Feature name: Persist State PubSub
Associated: https://github.com/MaterializeInc/database-issues/issues/5515

Summary

Complementing Persist's polling-based discovery of new state with pub-sub updates.

Motivation

tl;dr

Reduces CockroachDB read traffic to near zero, reducing current CPU usage by 20-30% (relative to total usage). This will allow us to scale down our clusters further.
Reduces the median latency of observing new data written to a shard from ~300ms to single digit millis

Full context:

Persist stores the state related to a particular shard in Consensus, which today is implemented on CockroachDB (CRDB). When any changes to state occur, such as frontier advancement or new data being written, a diff with the relevant change is appended into Consensus. Any handles to the shard can read these diffs, and apply them to their state to observe the latest updates.

However, today, we lack a way to promptly discover newly appended diffs beyond continuous polling of Consensus/CRDB. This means that ongoing read handles to a shard, such as those powering Materialized Views or Subscribe queries, must poll Consensus to learn about progress. This polling today contributes ~30% of our total CRDB CPU usage, and introduces ~300ms worth of latency (and ~500ms in the worst case) between when a diff is appended into Consensus and when the read handles are actually able to observe the change and progress their dataflows.

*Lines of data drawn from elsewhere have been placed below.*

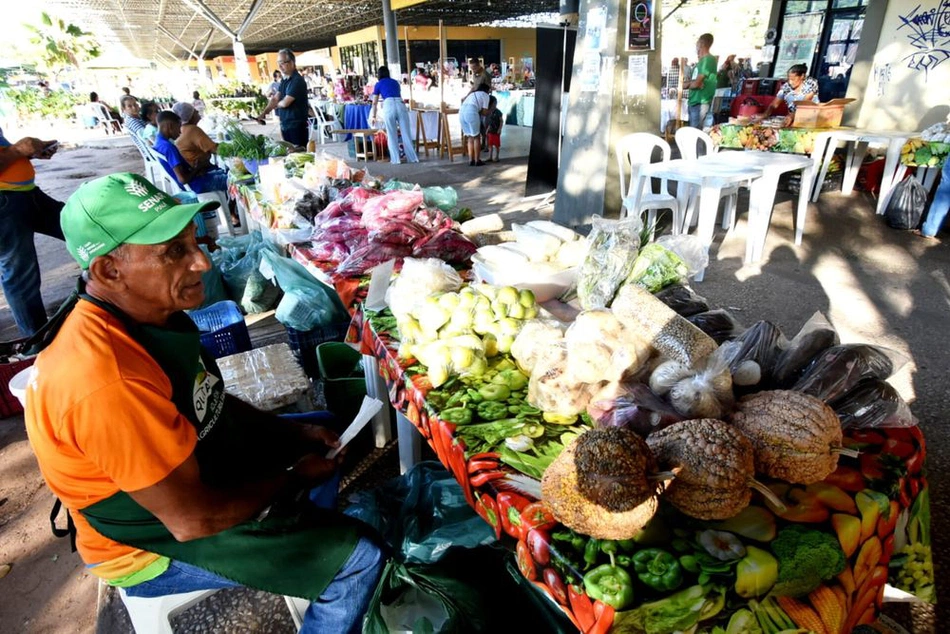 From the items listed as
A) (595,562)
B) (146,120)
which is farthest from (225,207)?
(595,562)

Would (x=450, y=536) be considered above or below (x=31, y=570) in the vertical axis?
above

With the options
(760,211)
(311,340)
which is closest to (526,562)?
(311,340)

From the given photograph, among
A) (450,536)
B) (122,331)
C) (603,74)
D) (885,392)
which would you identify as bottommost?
(450,536)

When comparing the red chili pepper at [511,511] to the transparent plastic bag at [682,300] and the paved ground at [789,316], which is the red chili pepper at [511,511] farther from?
the paved ground at [789,316]

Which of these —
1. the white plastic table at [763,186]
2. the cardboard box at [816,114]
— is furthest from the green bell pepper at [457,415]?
the cardboard box at [816,114]

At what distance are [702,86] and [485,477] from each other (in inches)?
377

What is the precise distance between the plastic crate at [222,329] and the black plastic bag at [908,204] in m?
6.79

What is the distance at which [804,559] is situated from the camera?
1032 millimetres

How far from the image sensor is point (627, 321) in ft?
5.07

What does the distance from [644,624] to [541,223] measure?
1946 millimetres

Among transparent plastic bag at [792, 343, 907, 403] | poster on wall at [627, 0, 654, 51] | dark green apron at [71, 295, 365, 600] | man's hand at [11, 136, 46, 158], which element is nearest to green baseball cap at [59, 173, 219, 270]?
dark green apron at [71, 295, 365, 600]

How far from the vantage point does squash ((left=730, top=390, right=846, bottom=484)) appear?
110cm

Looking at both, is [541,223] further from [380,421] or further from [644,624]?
[644,624]

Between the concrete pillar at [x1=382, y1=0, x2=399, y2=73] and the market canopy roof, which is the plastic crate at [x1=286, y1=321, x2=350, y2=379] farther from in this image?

If Persist had a sidechannel to communicate appended diffs between handles, we could eliminate nearly the full read load we put on CRDB, in addition to vastly reducing the latency between committing new data and observing it. This design doc will explore the interface for this communication, as well as a proposed initial implementation based on RPCs that flow through environmentd.

Explanation

PubSub Trait

We abstract the details of communicating state diffs through a Trait that uses a publisher-subscriber-like model. We aim to keep the abstraction simple: callers are given an address that they can dial to begin pushing and receiving state diffs, and that is all that is needed. This API is modeled in a way to set us up for future changes in implementation -- as we scale, we may wish to back the sidechannel with an external pubsub/message broker system, such as Kafka, and this API should be sufficient to do so.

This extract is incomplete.